There are some precedents for the rapid drop in government revenues from the sector. In 1990 and 1991 – just as the ‘‘resources boom’’ triggered by the Porgera gold mine and oil production at the Kutubu oilfield began – revenues collapsed, largely due to the closure of the Bougainville copper mine in 1989; and again, briefly in 2009 due to the onset of the global financial crisis in 2008.
But neither of these has been as deep or as sustained as the current hole.
A full explanation of the precipitous decline in resource revenues is beyond the scope of this analysis.
Clearly, a number of factors are involved, including a fall in commodity prices, major construction and expansion costs (which attract accelerated depreciation provisions) and generous tax deals.
The revenue dry-up of the past four years also reveals that the state bears a disproportionate share of the risks associated with resource projects and investments. If we go back to the original intent of the post-Independence mineral policy, it was to translate mineral wealth into broad-based development across the whole country:
“…known mineral resources should be developed for the revenue they can provide to the government” (PNG Department of Finance 1977: 2).

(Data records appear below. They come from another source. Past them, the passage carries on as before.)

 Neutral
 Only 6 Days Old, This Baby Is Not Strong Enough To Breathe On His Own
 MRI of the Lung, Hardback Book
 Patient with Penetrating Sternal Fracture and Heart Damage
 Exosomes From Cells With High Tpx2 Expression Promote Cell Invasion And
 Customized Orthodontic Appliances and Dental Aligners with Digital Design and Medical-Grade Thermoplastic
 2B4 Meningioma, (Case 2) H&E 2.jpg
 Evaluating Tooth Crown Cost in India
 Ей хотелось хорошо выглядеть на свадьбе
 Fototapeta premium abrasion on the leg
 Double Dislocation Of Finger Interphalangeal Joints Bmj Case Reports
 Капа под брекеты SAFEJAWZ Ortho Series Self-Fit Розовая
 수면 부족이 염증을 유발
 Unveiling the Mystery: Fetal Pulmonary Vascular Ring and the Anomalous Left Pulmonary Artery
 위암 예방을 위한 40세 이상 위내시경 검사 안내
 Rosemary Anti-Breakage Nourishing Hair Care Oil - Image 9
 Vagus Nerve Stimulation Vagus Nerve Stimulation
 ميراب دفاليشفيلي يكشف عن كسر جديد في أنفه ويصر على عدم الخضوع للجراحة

This clearly has not happened in the last four years. And certainly the Treasurer cannot be critiqued for commissioning yet another fiscal review: this seems appropriate, although whether it effectively addresses broader issues of a “fair share” of mineral wealth remaining in PNG remains to be seen.

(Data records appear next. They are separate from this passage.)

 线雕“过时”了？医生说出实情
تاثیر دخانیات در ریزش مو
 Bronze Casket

While there is much less money coming from the resources sector, there is at least better data than there used to be. The Extractive Industries Transparency Initiative (EITI) is a global initiative begun in 2002 to give transparency to what were regarded as often opaque flows of resource revenues from multinational companies in the extractives sector (especially oil) to the state in the countries in which they were operating.
It is a voluntary initiative in which countries (and companies) can elect to become a “candidate” country, and so long as they are able to be compliant with EITI standards, they can be admitted as a full member of EITI.
The key requirement is to be able to report in a reliable way (through third party audits) on the revenues paid by companies, and reconcile these with payments received by the different arms of the state.
The involvement of all parties – companies, governments and civil society – and public communication around the event and its products is also seen as central to both transparency and raising awareness of the nature of resource revenues and their destination.
Papua New Guinesa initiated its involvement in EITI in 2012. Four annual EITI reports have so far been produced (for the years 2013 to 2016). These reports provide an increasingly rigorous and transparent set of data on flows from the sector to the government, and identify additional revenue streams to the government than what BPNG use (and have used for the past 40 years).
When all the additional revenue streams that EITI identify are included, the total share of the value of mineral exports rises to around 6.5 percent for 2017, up from the 1.6 percent based on the BPNG data.
EITI is not without its problems and the most recent PNG country report identifies areas where it needs to be strengthened in PNG, and a focus on companies rather than operations can lead to the obfuscation of total flows and payments from each mine, oil and gasfield.
In the PNG context, an examination of the sub-national flows and audit trails is also significant, and an initial study into this is underway.